Galantamine, a
drug used to treat
Alzheimer's disease, protects guinea pigs against the acute toxicity and lethality of organophosphorus (OP) compounds, including
soman. Here, we tested the hypothesis that a single exposure of guinea pigs to 1xLD50
soman triggers
cognitive impairments that can be counteracted by
galantamine. Thus, animals were injected intramuscularly with saline (0.5 ml/kg) or
galantamine (8 mg/kg) and 30 min later injected subcutaneously with
soman (26.3 μg/kg) or saline. Cognitive performance was analyzed in the Morris water maze (MWM) four days or three months after the
soman challenge. Fifty percent of the saline-injected animals that were challenged with
soman survived with mild-to-moderate signs of acute toxicity that subsided within a few hours. These animals showed no learning impairment and no memory retention deficit, when training in the MWM started four days post-
soman challenge. In contrast, animals presented significant learning impairment when testing started three months post-challenge. Though the magnitude of the impairment correlated with the severity of the acute toxicity, animals that presented no or only mild signs of toxicity were also learning impaired.

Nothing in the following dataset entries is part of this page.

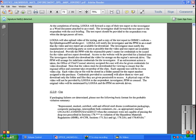Section 12-3-9: Packaging failures are determined. Please use the following basic format for the probable violation summary: Represented, Marked, Certified, Sold, Offered Steel Drum Combination Packaging.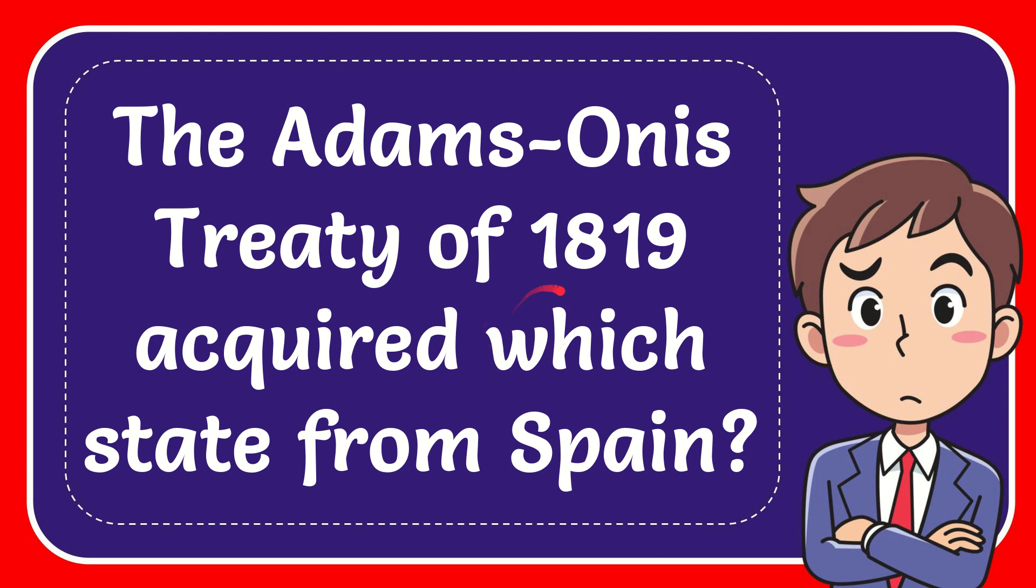In this video, I'm going to give you the answer to this question. The question is the Adams-Onis Treaty of 1819 acquired which state from Spain?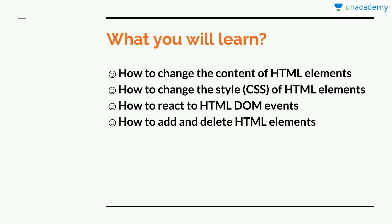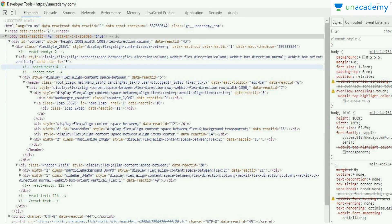Here is an image of a real DOM tree. I have opened the Unacademy website and pressed Ctrl+Shift+I, or you can press F12 for developer tools, then go to the Elements tab. You can see little triangles — when you click on a triangle, that branch of the tree is shown to you. If that branch has further branches, you can click on those triangles again to see how the HTML document is actually structured.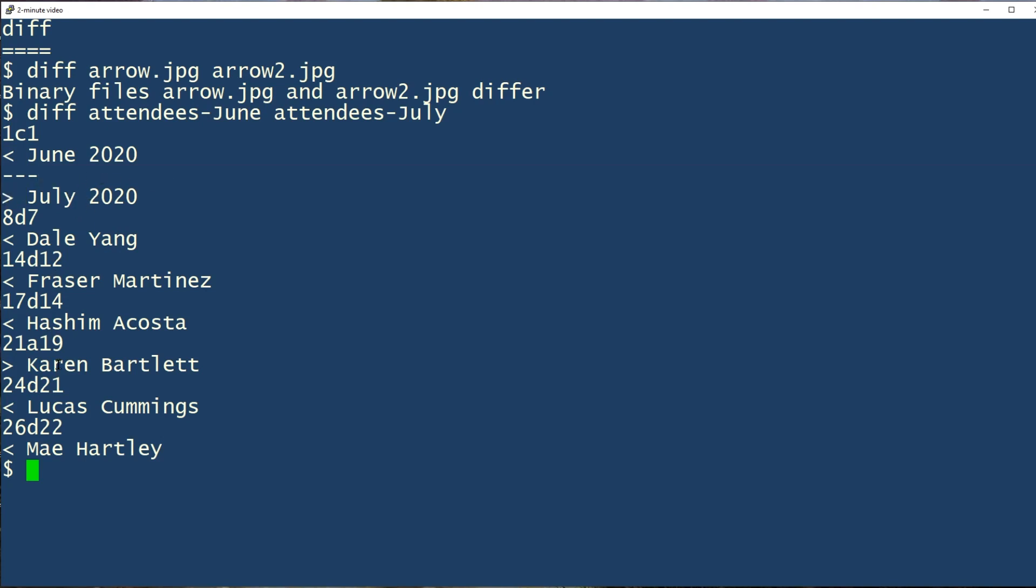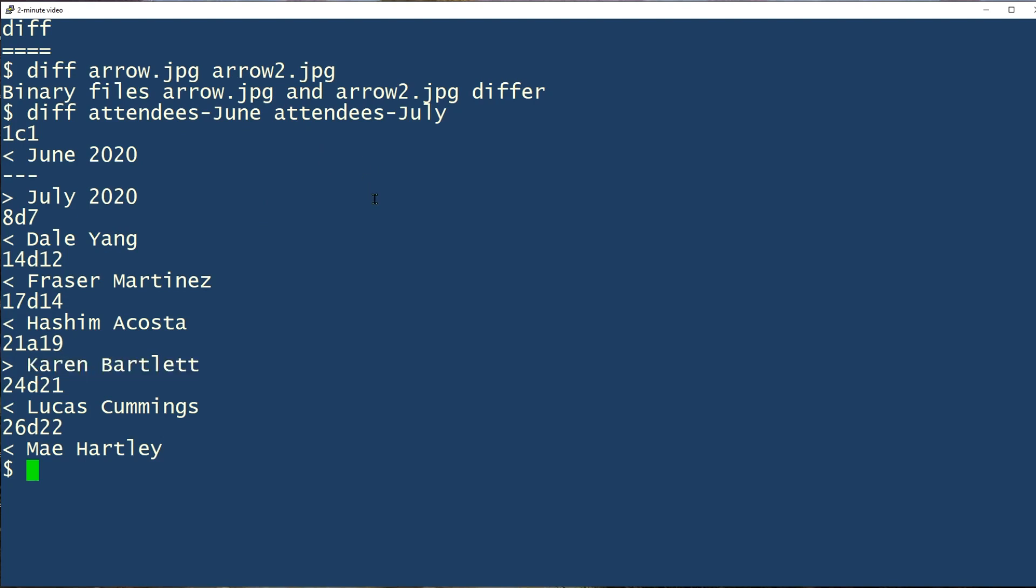We can see that this one person, Karen Bartlett, is listed as an attendee in the July meeting and it looks like all of the others are in June and not July and Karen's in July and not June. Any other attendees in the list are the same because they're in alphabetical order.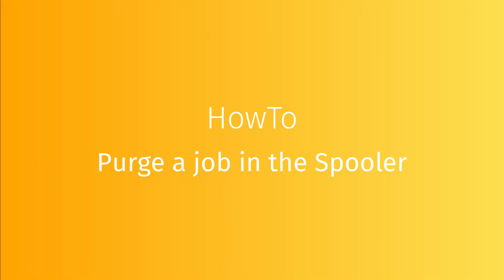Once the purge is done, the job cannot be printed again. Before purging, be sure the job import has been made in Cosview.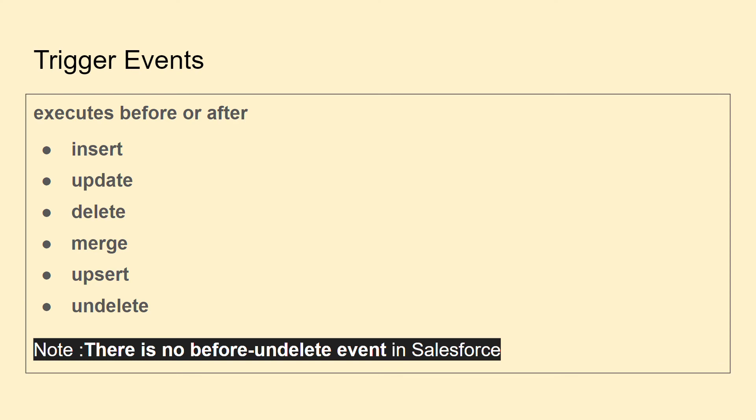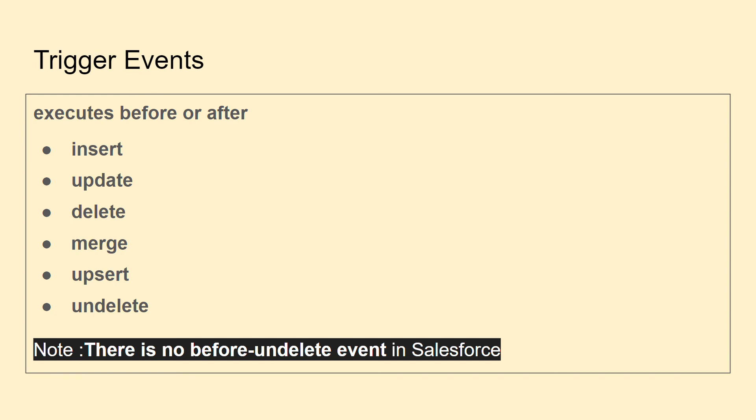All these events come with before or after prefixes: before insert or after insert, before update or after update. For example, if you want a particular case to be inserted and you want to check the name of that case—if the name is "123", then there should be a validation rule—you can achieve this using before insert triggers.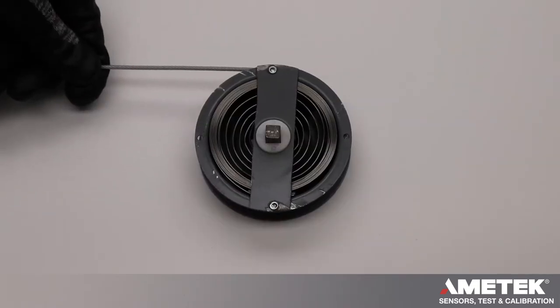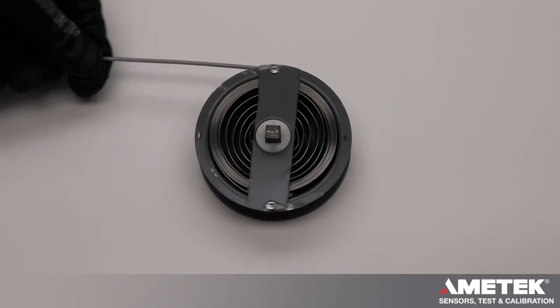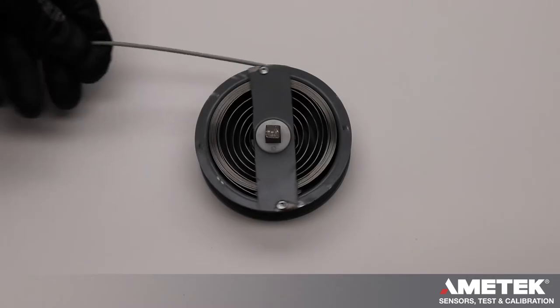This is our arbor-mounted reel. We have this one open so you can see the power spring inside of the reel.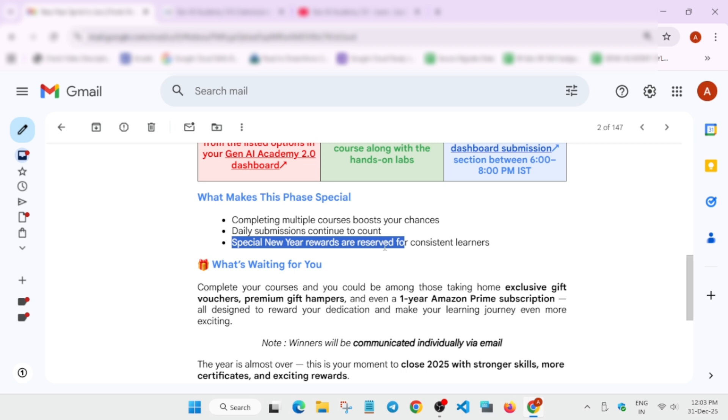So do like the video and subscribe to the channel. Have a great day. I'll see you next time. Thank you.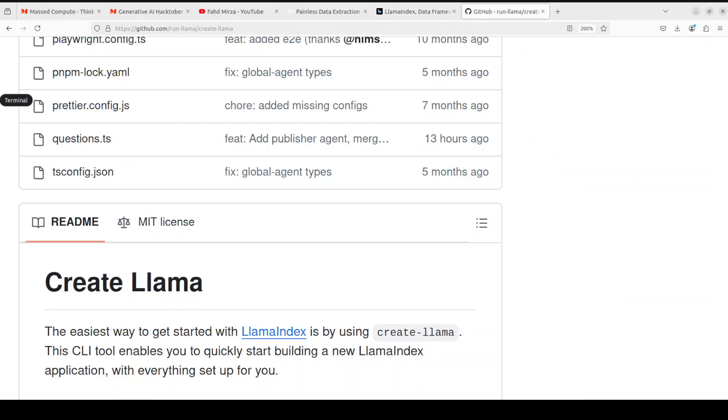I'm not going to go into the detail of Llama Index here. Rather, I wanted to show you this nifty little tool called Create Llama. As per this tool, this is one of the easiest ways to get started with Llama Index. So we will be installing it locally and then we will see how it works. We will be using API-based model from OpenAI, so for that you would need an API key. That is a paid option from platform.openai.com, so make sure that you have your key if you are following along.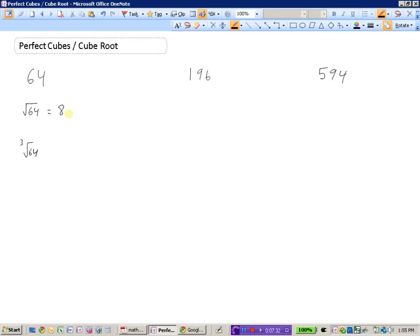Now for the cube root of 64 — what number multiplied by itself 3 times gives 64? It will need to be smaller than 8. Trying 5: 5 times 5 times 5 is 125 — too big. Trying 4: 4 times 4 is 16, and 16 times 4 is 64. So 64 is both a perfect square and a perfect cube, with a square root of 8 and a cube root of 4.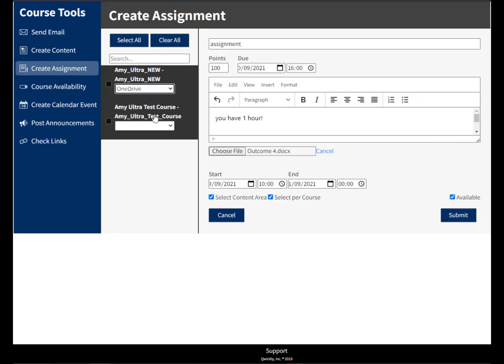And then I would hit submit and this would set up the assignment for me.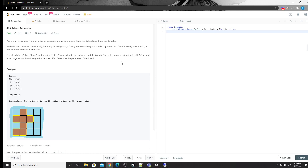Hey what's up guys, this is Chung here again. Let's take a look at another LeetCode problem today - number 463, Island Perimeter.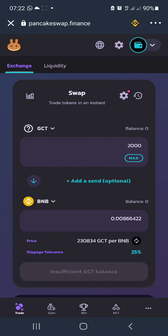Once you've enabled and confirmed the enablement of GCT for PancakeSwap to debit you, you click Swap. When you click Swap it will charge you a transaction fee of no less than one dollar — around $0.995. Once that is done and you confirm it, you will have sold your GCT for BNB.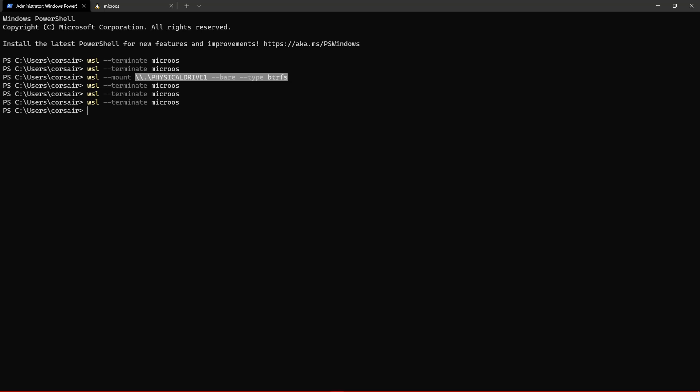And this one here, if I search for the mount VHD, then I downloaded directly the VHDX from the micro OS site.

All guinea pigs that were treated with
galantamine survived the
soman challenge with no signs of acute toxicity and learned the MWM task as control animals, regardless of when testing began.
Galantamine also prevented memory extinction in both saline- and
soman-challenged animals. In conclusion, learning impairment develops months after a single exposure to 1xLD50
soman, and
galantamine prevents both the acute toxicity and the delayed cognitive deficits triggered by this OP
poison.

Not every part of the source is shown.